A good preparatory exercise for learning to navigate chord changes is to practice making up quarter-note lines through the changes. “Walking lines”, if you will. Of course, this is routinely expected of bass players in jazz. But as a guitarist, you may never have thought much about how bass players come up with these lines. If you’ve never tried it, you may even be thinking, “Quarter notes... how hard could that be?” But there are some specific characteristics of a good-sounding walking bass line. The placement of each note in the measure matters a great deal. If we study this, we could come away with some new understandings about how to connect chord tones. We could, at the very least, come away with renewed appreciation for bass players! So let’s begin...

For bass players, a typical practice is to put the root of the chord on the first beat. They also usually prefer to connect chords by stepwise motion rather than large skips. They tend to put chord tones on beats one and three when playing traditional walking lines in 4/4 time.

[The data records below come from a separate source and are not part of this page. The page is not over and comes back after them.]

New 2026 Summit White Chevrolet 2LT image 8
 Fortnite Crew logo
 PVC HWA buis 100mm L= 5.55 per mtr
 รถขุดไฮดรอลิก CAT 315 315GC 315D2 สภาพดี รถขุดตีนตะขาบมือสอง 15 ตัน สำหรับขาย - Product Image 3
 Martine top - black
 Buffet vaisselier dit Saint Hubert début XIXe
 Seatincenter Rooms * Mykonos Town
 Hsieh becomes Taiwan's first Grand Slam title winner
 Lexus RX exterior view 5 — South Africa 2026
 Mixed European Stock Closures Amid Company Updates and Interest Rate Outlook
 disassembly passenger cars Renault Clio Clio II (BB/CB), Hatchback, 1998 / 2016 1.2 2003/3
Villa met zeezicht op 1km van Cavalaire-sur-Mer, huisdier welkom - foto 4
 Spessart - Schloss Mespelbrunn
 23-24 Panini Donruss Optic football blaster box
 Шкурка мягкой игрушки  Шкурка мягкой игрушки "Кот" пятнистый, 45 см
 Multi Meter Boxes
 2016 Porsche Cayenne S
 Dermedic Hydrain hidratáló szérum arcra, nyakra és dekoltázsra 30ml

Since we’re not bass players, I’d suggest that we not worry so much about putting the root on the downbeat; other chord tones would be okay. We can also be freer about using extensions and alterations as chord tones. (Not to say that modern bass players don’t do that anyway.)

What follows next is a sample chorus I did on “All the Things You Are”, using the guidelines above. I’ve tried to give you a mix of easily understood diatonic stuff and not-so-predictable chromatic stuff. As I walked through the progression, I had to keep in mind things like key centers and appropriate scales for things like dominant chords in ii-V progressions. But I focused on putting chord tones on beats 1 and 3 and I moved from chord to chord by step rather than skip. (Occasionally, as in measure 4, I used the lowered 7th on a major chord, implying a dominant sounds for a stronger pull to the next chord. Bass players do that sometimes.) Here’s what happened:


musical notation


Play this example, then make up some of your own. Next steps to take:
• Break up the quarter note pattern; add rests. Distribute the same notes differently in the time.
• Add connecting eighth notes between some of the quarter notes.
• Add connecting eighth notes between ALL of the quarter notes for a continuous eighth note line - you’ll probably have to use a lot of chromaticism to make this work, and you’ll learn from that.